- ASSIGNMENT -
Omitting every picture, copy the lines from the one that contains "7 For All Mankind" through the last line of the records below, exactly and with nothing added.

- PROVIDED MATERIAL -
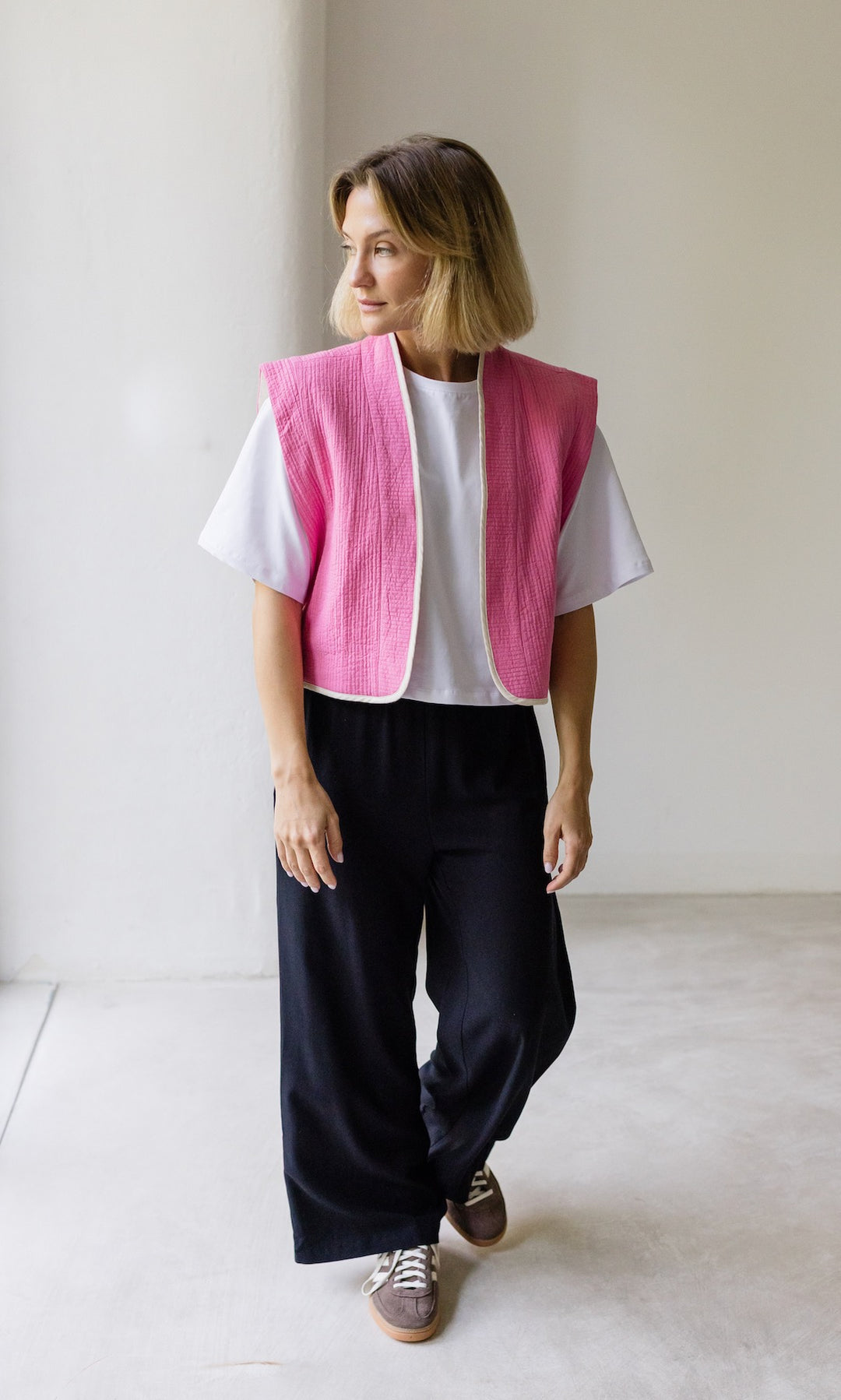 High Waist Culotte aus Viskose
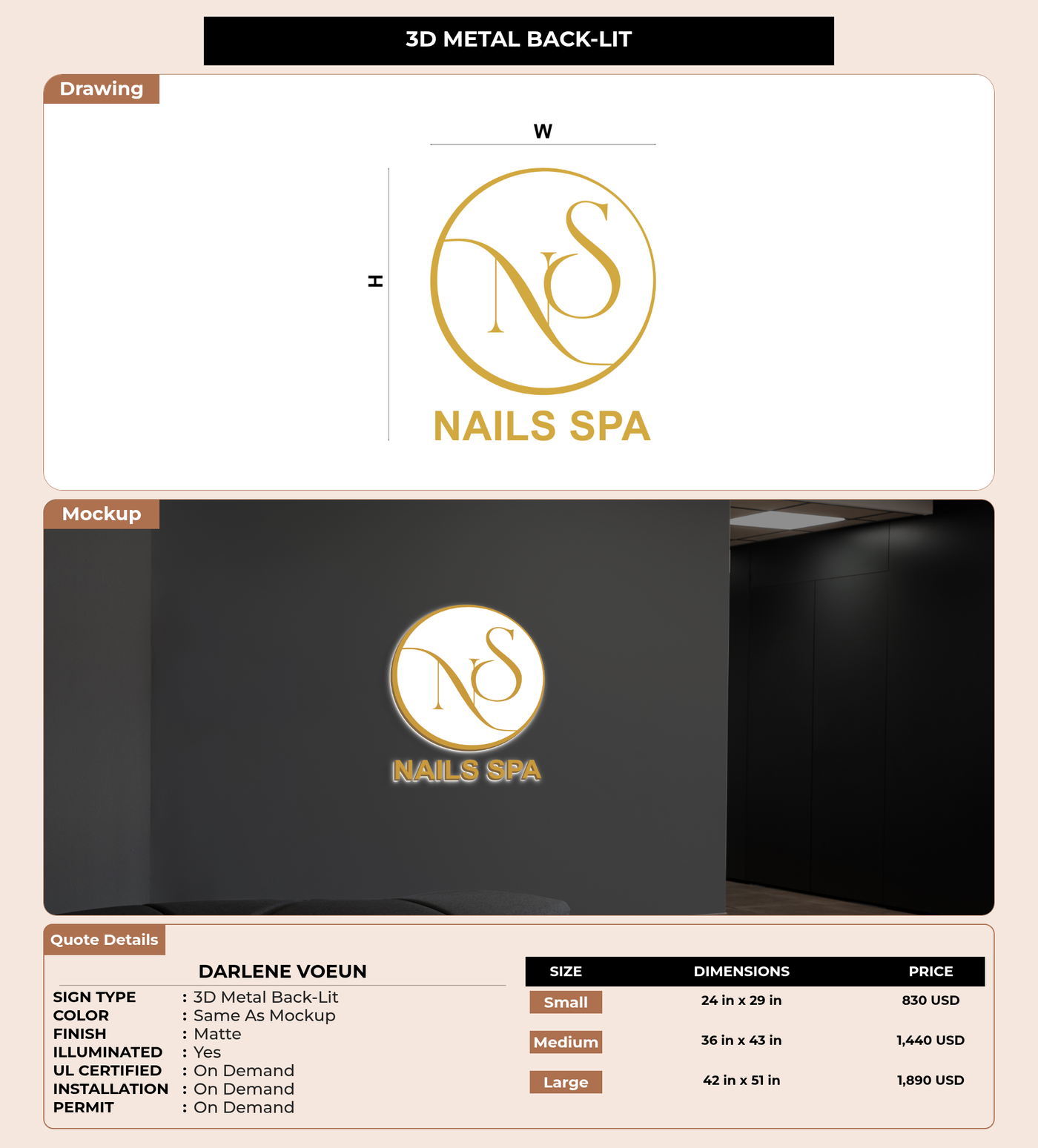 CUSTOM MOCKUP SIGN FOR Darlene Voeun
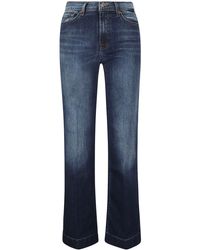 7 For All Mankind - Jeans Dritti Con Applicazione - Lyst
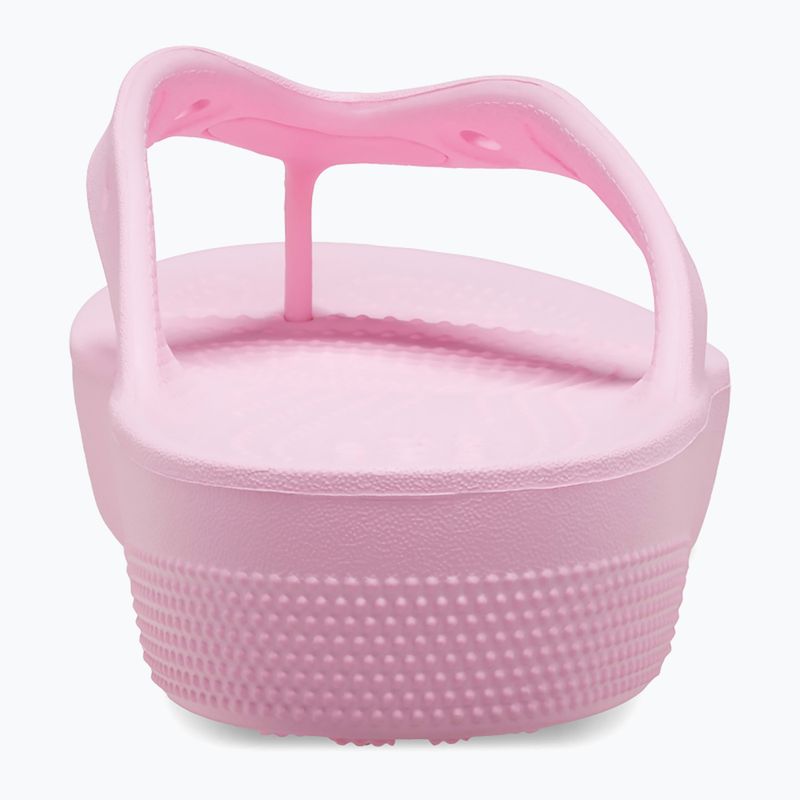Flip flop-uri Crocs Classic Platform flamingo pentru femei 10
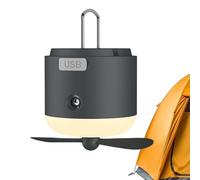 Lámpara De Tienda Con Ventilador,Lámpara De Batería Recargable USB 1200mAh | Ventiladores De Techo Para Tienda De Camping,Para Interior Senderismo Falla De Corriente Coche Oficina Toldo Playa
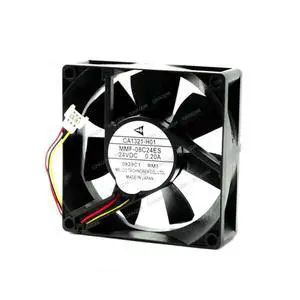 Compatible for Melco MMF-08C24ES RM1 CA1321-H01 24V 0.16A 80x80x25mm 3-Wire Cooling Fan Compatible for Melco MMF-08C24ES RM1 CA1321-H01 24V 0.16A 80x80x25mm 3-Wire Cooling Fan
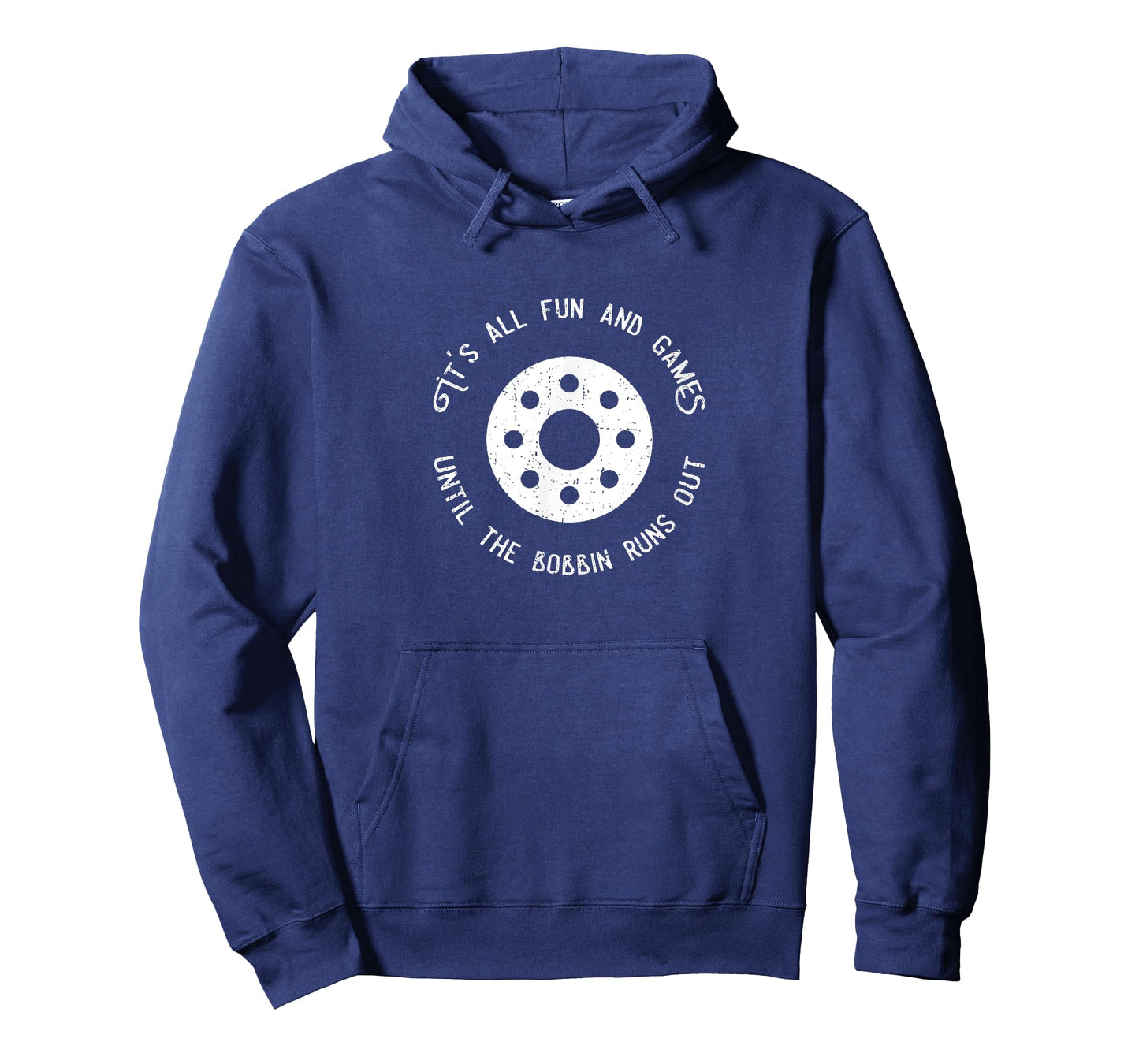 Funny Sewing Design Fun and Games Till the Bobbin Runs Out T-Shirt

- WRITTEN SOLUTION -
 7 For All Mankind - Jeans Dritti Con Applicazione - Lyst
Flip flop-uri Crocs Classic Platform flamingo pentru femei 10
 Lámpara De Tienda Con Ventilador,Lámpara De Batería Recargable USB 1200mAh | Ventiladores De Techo Para Tienda De Camping,Para Interior Senderismo Falla De Corriente Coche Oficina Toldo Playa
 Compatible for Melco MMF-08C24ES RM1 CA1321-H01 24V 0.16A 80x80x25mm 3-Wire Cooling Fan Compatible for Melco MMF-08C24ES RM1 CA1321-H01 24V 0.16A 80x80x25mm 3-Wire Cooling Fan
 Funny Sewing Design Fun and Games Till the Bobbin Runs Out T-Shirt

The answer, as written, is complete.